Mais il faut accélérer le mouvement. La Commission doit dresser un bilan de ce qui a été fait. Dès décembre 2006, j'ai saisi un groupe d'experts à haut niveau qui vient de me rendre son rapport en juillet sur les réformes qu'il faut absolument mettre en œuvre. La Commission présentera cet automne une communication sur cette base.
La deuxième question porte sur les blocs d'espace fonctionnel. Il est vrai que dans le cadre de la réforme de 2004, le Conseil a choisi une approche bottom-up, c'est-à-dire du bas vers le haut, à travers l'action des administrations nationales pour la constitution de ces blocs. Franchement, cette approche n'est pas pleinement satisfaisante, car elle réduit la capacité de la Commission et des institutions communautaires pour que les blocs deviennent une réalité et que les efforts au niveau local ne s'enlisent pas. Une autre partie du problème est l'accent insuffisant mis sur l'amélioration de l'efficacité économique du service fourni. Nous allons essayer d'introduire, pour le premier semestre 2008, une approche basée sur la performance. Cette approche devrait fixer des objectifs spécifiques de performance pour les prestataires de services et prévoir des incitations, des mécanismes d'intervention en cas de non-réalisation. Je considère que cette approche basée sur la performance permettra d'accélérer la création de blocs fonctionnels car ils seront indispensables pour atteindre des objectifs de performance. Nous travaillons sur l'idée d'un groupe de surveillance de la performance, un performance review body, et d'un coordinateur chargé de développer plus rapidement ces projets. Je crois personnellement qu'un coordinateur, comme nous en avons pour les réseaux transeuropéens, serait très utile pour activer la constitution de ces blocs fonctionnels dont nous avons besoin.

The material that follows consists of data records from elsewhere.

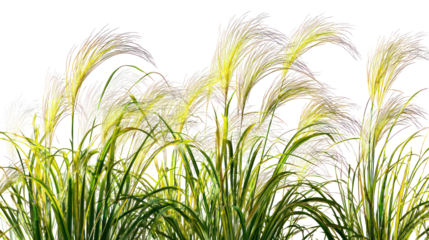 Tall ornamental grass plumes with delicate seed heads isolated on transparent background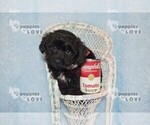 Small Photo #7 YorkiePoo Puppy For Sale in SANGER, TX, USA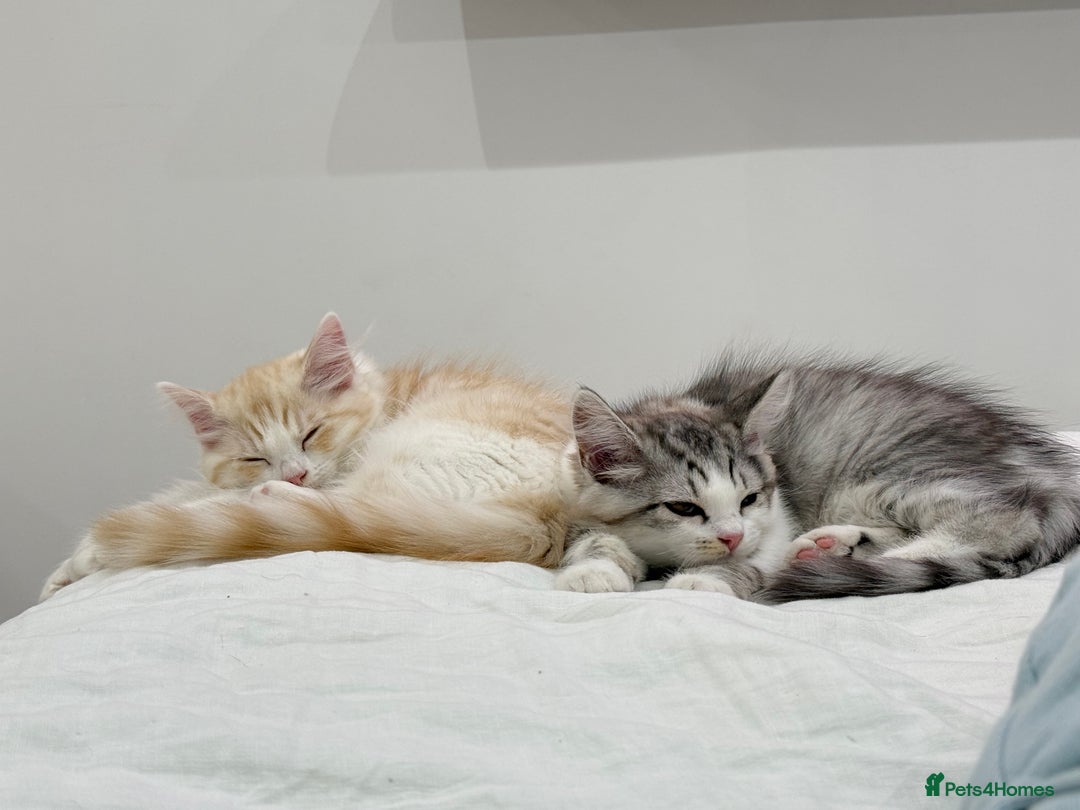 Munchkin cats for sale: ⭐️⭐️-3x TICA Munchkins - Super Short Legs-⭐️⭐️  - Image 27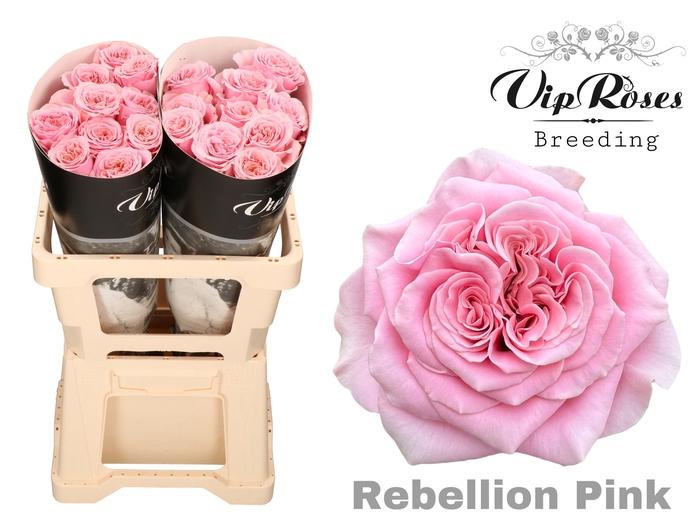 <h4>R GR REBELLION PINK</h4>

Bien sûr, nous n'attendrons pas 2009 pour accélérer la création et l'efficacité des blocs fonctionnels. Je voudrais vous présenter une initiative mi-2008. Il y a un consensus sur le fait que ces blocs ne peuvent être efficaces que si l'espace aérien supérieur et l'espace aérien inférieur sont considérés comme indivisibles.

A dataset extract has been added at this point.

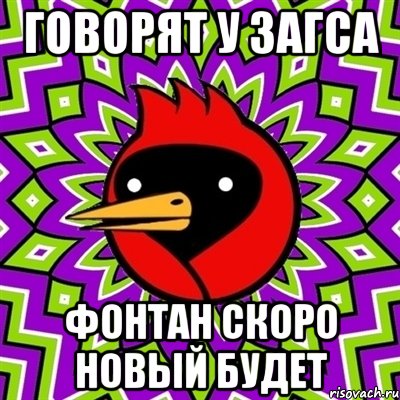 говорят у загса фонтан скоро новый будет, Мем Омская птица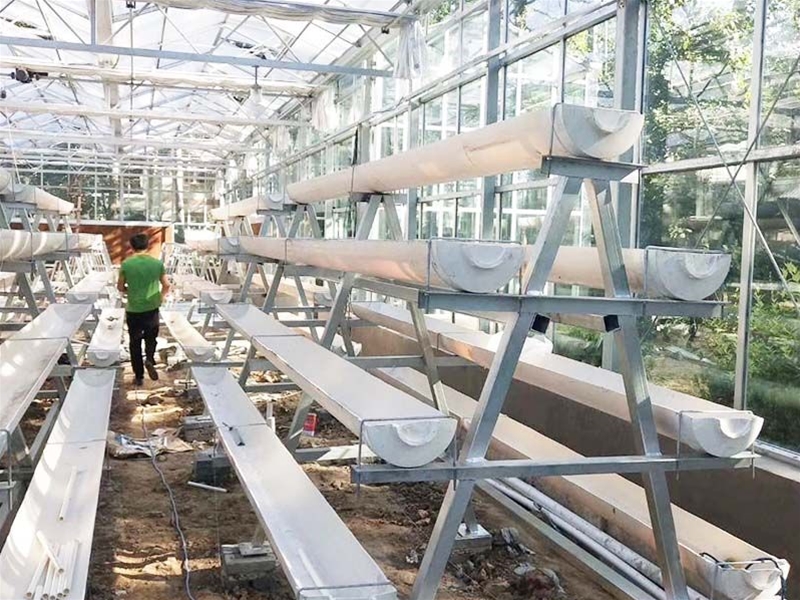 Hydroponics greenhouse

Quatrième question, enfin, celle de l'approche bottom-up des États membres qui a, en partie, échoué, il faut bien le reconnaître. Pour autant, devons-nous complètement prendre l'approche inverse? Je n'en suis pas sûr. Je crois qu'il faut essayer de continuer à tirer parti de cette approche bottom-up mais il faut passer à une deuxième étape axée sur la performance, sur les mécanismes, pour développer le ciel unique. Il faut travailler activement avec les États membres pour augmenter l'engagement politique et exercer une pression de haut en bas pour le développement des blocs fonctionnels d'espace aérien.

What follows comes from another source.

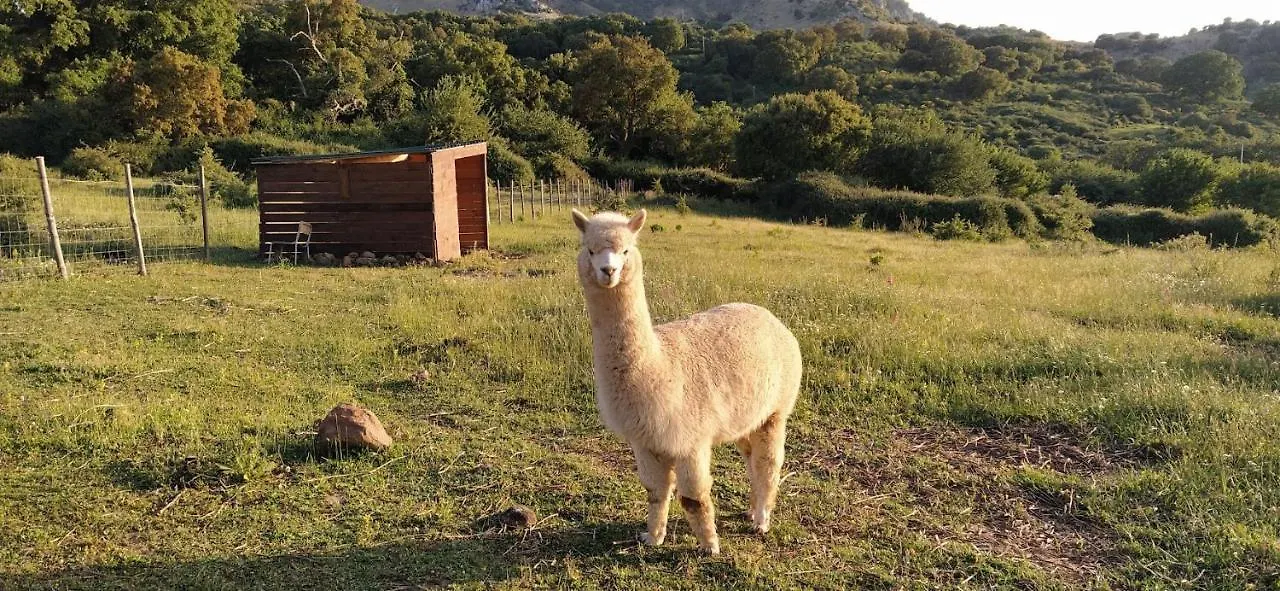 Agriturismo Bosco Pianetti Santuario di Gibilmanna 0*,  إيطاليا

Voilà pourquoi je pense, Monsieur le Président, Mesdames et Messieurs les députés, que cette question était la bienvenue, qu'elle me permet d'indiquer les principales initiatives que nous allons prendre dans le droit fil de ce que vient d'exposer, à mon avis fort justement, M. Savary.
Georg Jarzembowski, au nom du groupe PPE-DE. – (DE) M. le Président, M. le Vice-président de la Commission, nous n'avons aucune objection s'agissant de tout ce que vous avez accompli pour améliorer l'efficacité de l'espace aérien, mais votre réponse était assez claire. Celle-ci indiquait que les États membres n'ont pas rempli leur tâche. Ils n'ont pas respecté leur obligation de 2004 qui leur demandait de créer rapidement des blocs d'espace aérien fonctionnels. D'une part, cela se ressent dans les coûts que vous indiquiez à hauteur de 3 milliards d'euros, et d'autre part, cela entraîne une pollution environnementale.
Nous débattons actuellement de l'introduction de l'échange de quotas d'émissions dans le transport aérien, environ 3 % des émissions du transport aérien. Si nous disposions d'une gestion du transport aérien sensée, rapide et efficace, nous pourrions réduire la consommation de 12 %, ce qui réduirait sensiblement les émissions de CO2. M. le Vice-président, vous êtes un gentleman, mais entrons dans le vif du sujet: les États membres ne remplissent pas leurs obligations. C'est pourquoi – vous en tant que Commission et nous en tant que Parlement – nous devons tous dire aux États membres: punition! Vous devez remonter la pente rapidement après être tombés si bas. Et cela risque encore de ne pas suffire.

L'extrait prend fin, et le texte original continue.